The closure is expected to begin at 5:30 a.m. September 12, according to the notice, and could remain closed until 10 p.m. September 14 as the contractor’s equipment will be moored on site within the navigation channel during this timeframe.
Marine radio channels will be monitored for vessel traffic communication.
The Kentucky Transportation Cabinet (KYTC) reported an operational window of September 9-20 for the move, with exact timing based on the weather and river conditions.
Barkley Lock and Dam, just upriver on the Cumberland, will remain open.
The U.S. Coast Guard will escort the truss, providing a safety zone around it during transit, Swamback said.
“The thing to consider that I guess a lot of people don’t recognize is it’s not that dissimilar from these big tows of barges that come down the river,” he said. “It’s the same concept except we’ll use three towboats instead of just one.”
A Hefty Load
Including its temporary works and support steel, the structure is a little over 700 feet long and about 51 feet wide. The truss itself weighs 5.2 million pounds, but the temporary works add another 1.5 million pounds to the load.
Swamback said the river forecast calls for normal pool, which is necessary to move the truss. If it falls lower, there is a possibility of delay, he said.
The truss had to be built and must be lifted into place so that bolts can be passed through steel plates on the truss and secured to steel plates on the concrete piers. That requires precision accuracy of up to 1/16 of 1 inch, Swamback said.

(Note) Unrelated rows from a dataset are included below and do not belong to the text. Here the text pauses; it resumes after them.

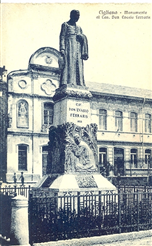 Il Monumento a Don Evasio Ferraris quando si trovava in Piazza Martiri della Libertà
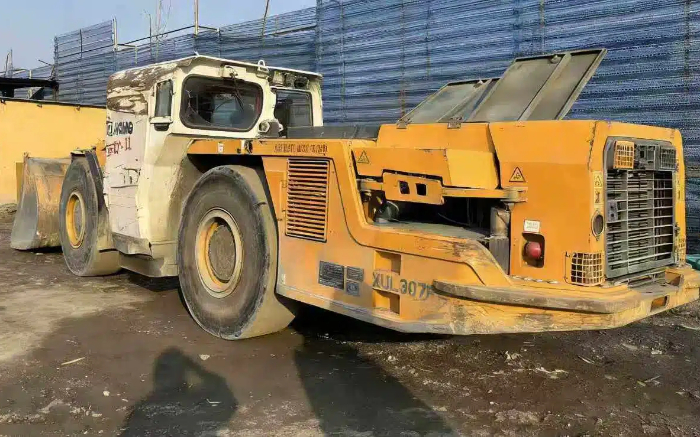 全天候高效作业！星空官网 XUL307F 助力山东铁矿提质增效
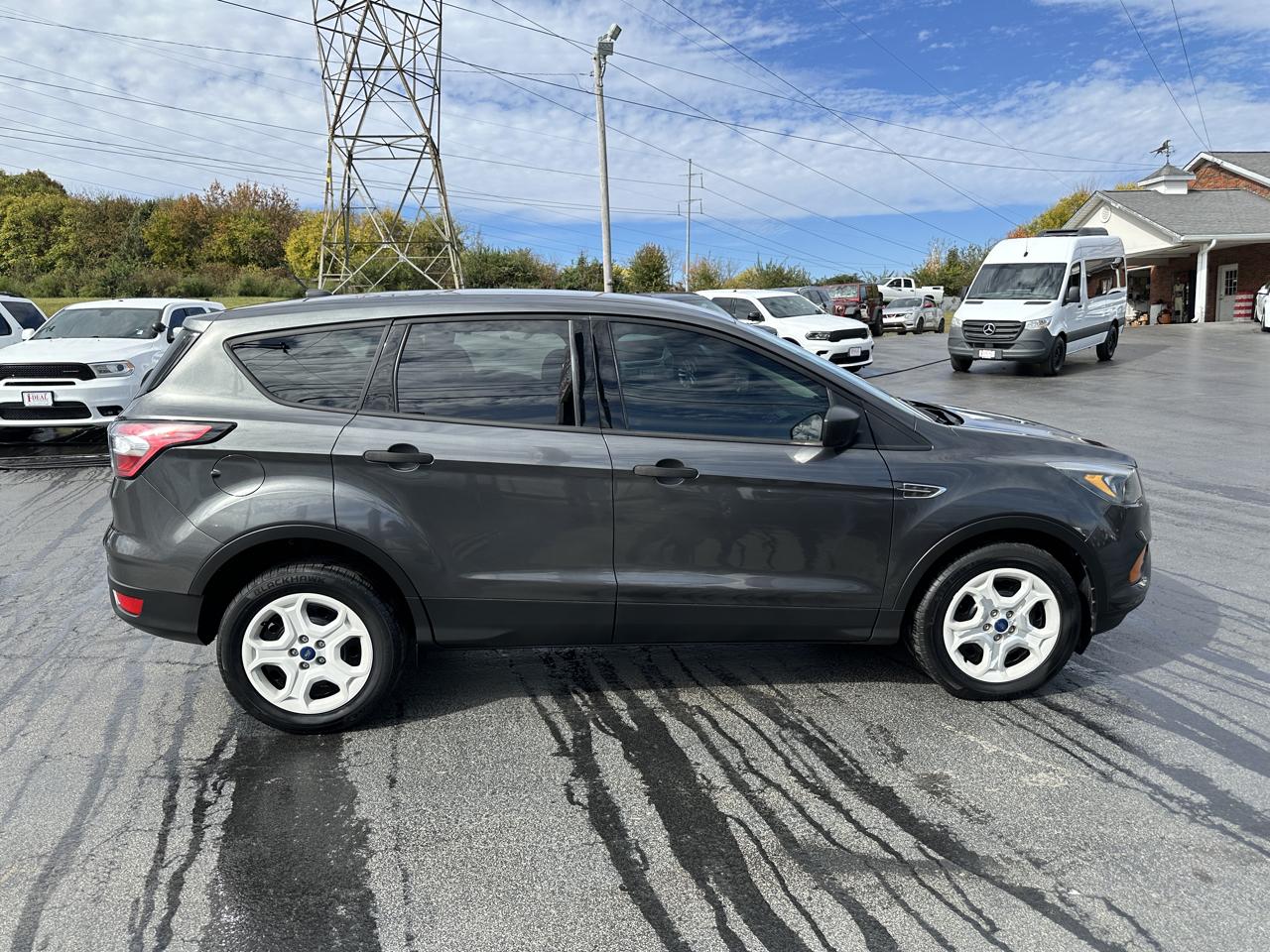 Ford Escape S FWD 2018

Part of preparing for the float-in and lift was a test lift in the latter part of August, during which the truss was lifted a couple of inches to make sure the lift towers stay plumb and that the barges held the weight. No problems were indicated, he said.
“This is a significant step toward completion of the new bridge,” KYTC District 1 Chief Engineer Kyle Poat said. “Jim Smith Contracting, American Bridge and the numerous agencies that are involved in supporting the movement and placement of this truss will be putting in hundreds of hours in coming weeks to assure that everything goes as planned.”
Remaining Bridge Work
Traffic on the existing U.S. 60 bridge over the Cumberland River at Smithland, known as the Lucy Jefferson Lewis Memorial Bridge or just as the Smithland Bridge, will be restricted to one lane with an automated traffic signal September 12–14.

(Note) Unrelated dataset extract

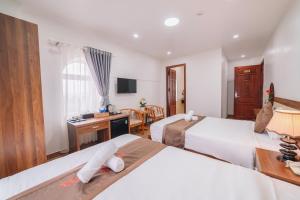 Postel nebo postele na pokoji v ubytování Anh Duc Hotel Da Lat City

Once the bridge is in place, Jim Smith Contracting expects it will take six to eight months to complete the deck on the main span to prepare it for traffic in the late spring of 2023. The new, 1,912-foot bridge is being built immediately downstream from the existing 1,817-foot bridge, which opened to traffic in 1931.
An updated construction schedule calls for connections to be made to U.S. 60 in April or May, allowing traffic to be moved to the new bridge and the old bridge to be demolished. Final roadway surfacing and finish work will then take place from June to August, with the target completion date scheduled for December 1, 2023.
Caption for photo: The 700-foot steel truss that comprises the main span of the new U.S. 60 bridge over the Cumberland River will be floated and lifted into place later in September. The work will cause brief closures of portions of the Tennessee and Ohio rivers and a closure of up to three days at the new bridge’s site. (Photo courtesy of American Bridge Company)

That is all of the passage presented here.